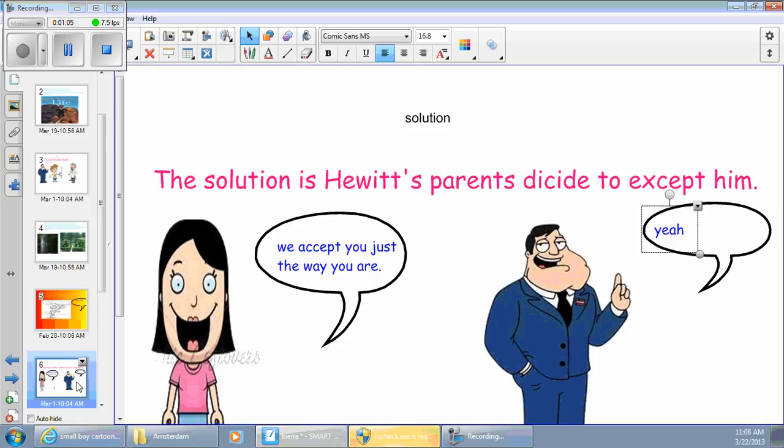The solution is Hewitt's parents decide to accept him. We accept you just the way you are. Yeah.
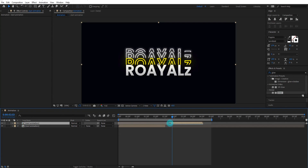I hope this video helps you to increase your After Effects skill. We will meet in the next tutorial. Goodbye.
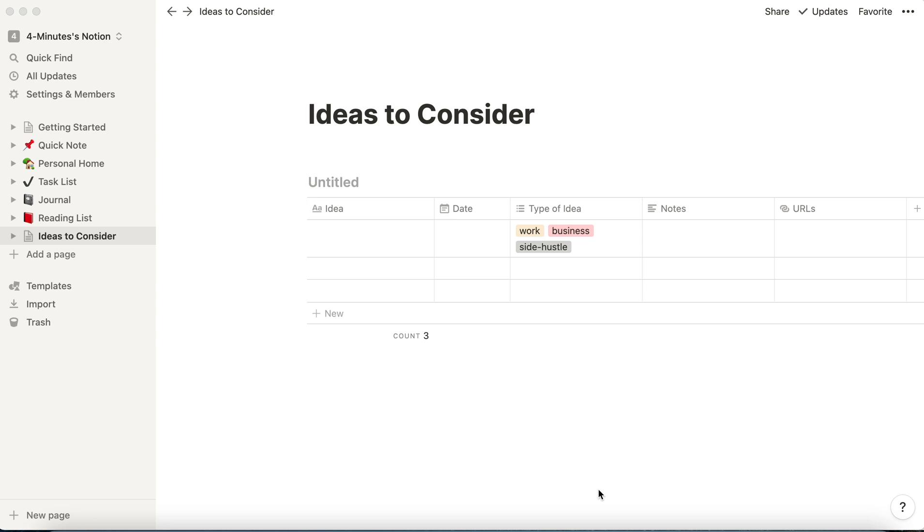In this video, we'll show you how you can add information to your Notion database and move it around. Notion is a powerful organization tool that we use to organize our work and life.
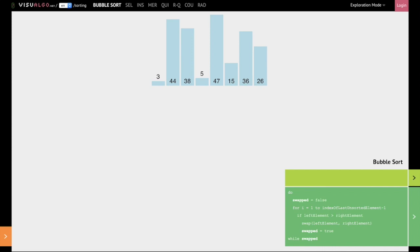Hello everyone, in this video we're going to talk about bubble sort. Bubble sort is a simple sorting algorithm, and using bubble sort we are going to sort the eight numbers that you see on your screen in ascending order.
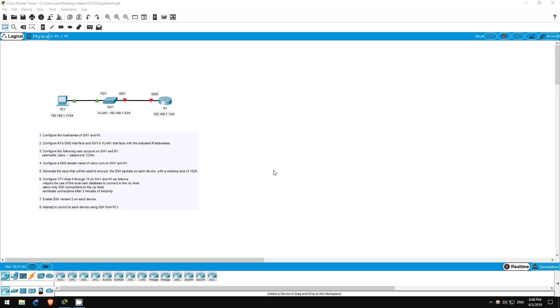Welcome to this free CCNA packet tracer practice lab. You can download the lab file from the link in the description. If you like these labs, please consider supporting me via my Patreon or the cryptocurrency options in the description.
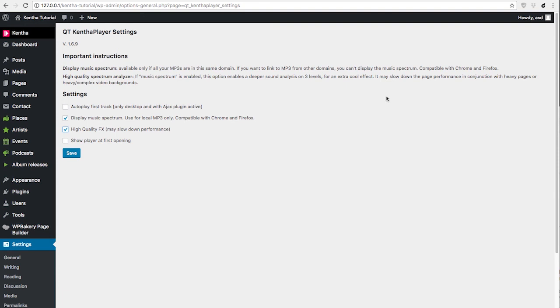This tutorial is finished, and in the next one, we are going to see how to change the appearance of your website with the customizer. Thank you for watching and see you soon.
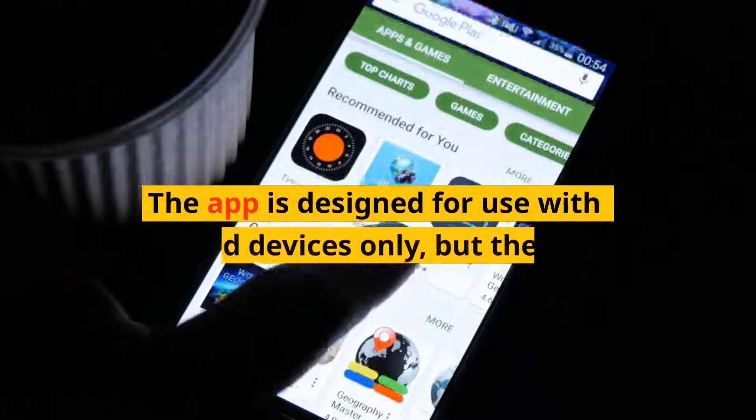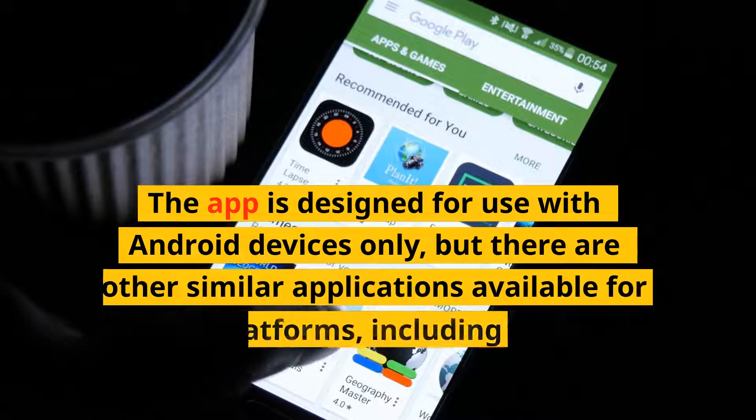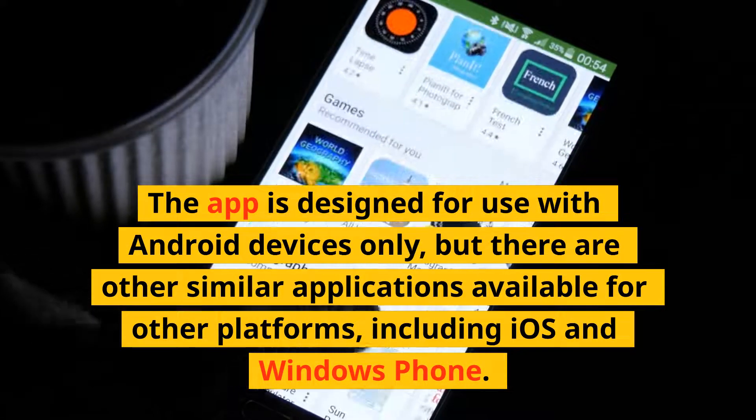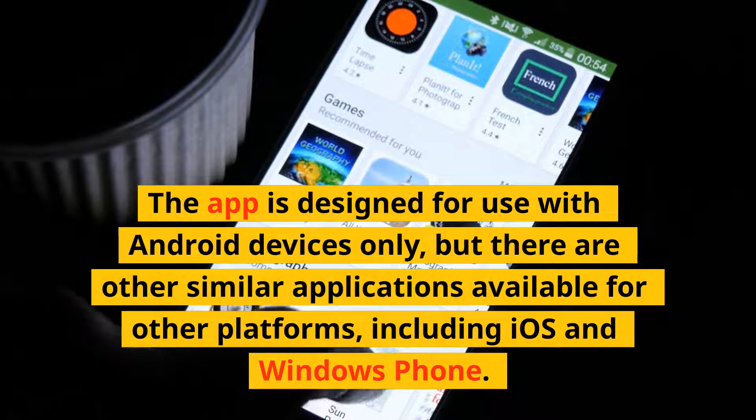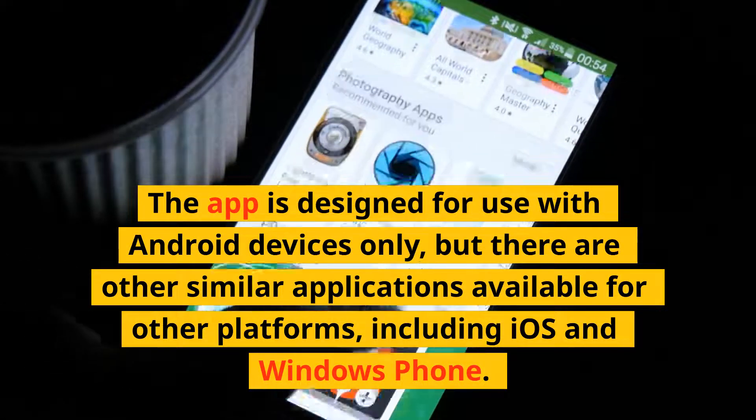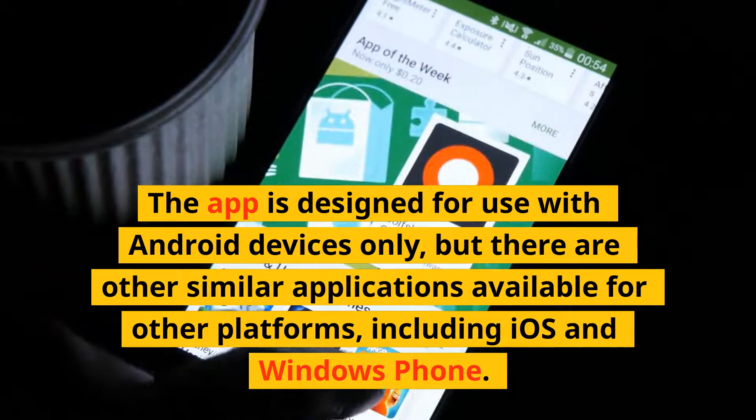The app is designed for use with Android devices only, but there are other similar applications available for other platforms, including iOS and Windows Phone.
********
About this task ▸ Take the lines from the first line of the entries through the line with "I hope this", inclusive, and give them again exactly, minus any pictures.

Task answer ▸
The solution is Hewitt's parents decide to accept him. We accept you just the way you are. Yeah.
I hope this video helps you to increase your After Effects skill. We will meet in the next tutorial. Goodbye.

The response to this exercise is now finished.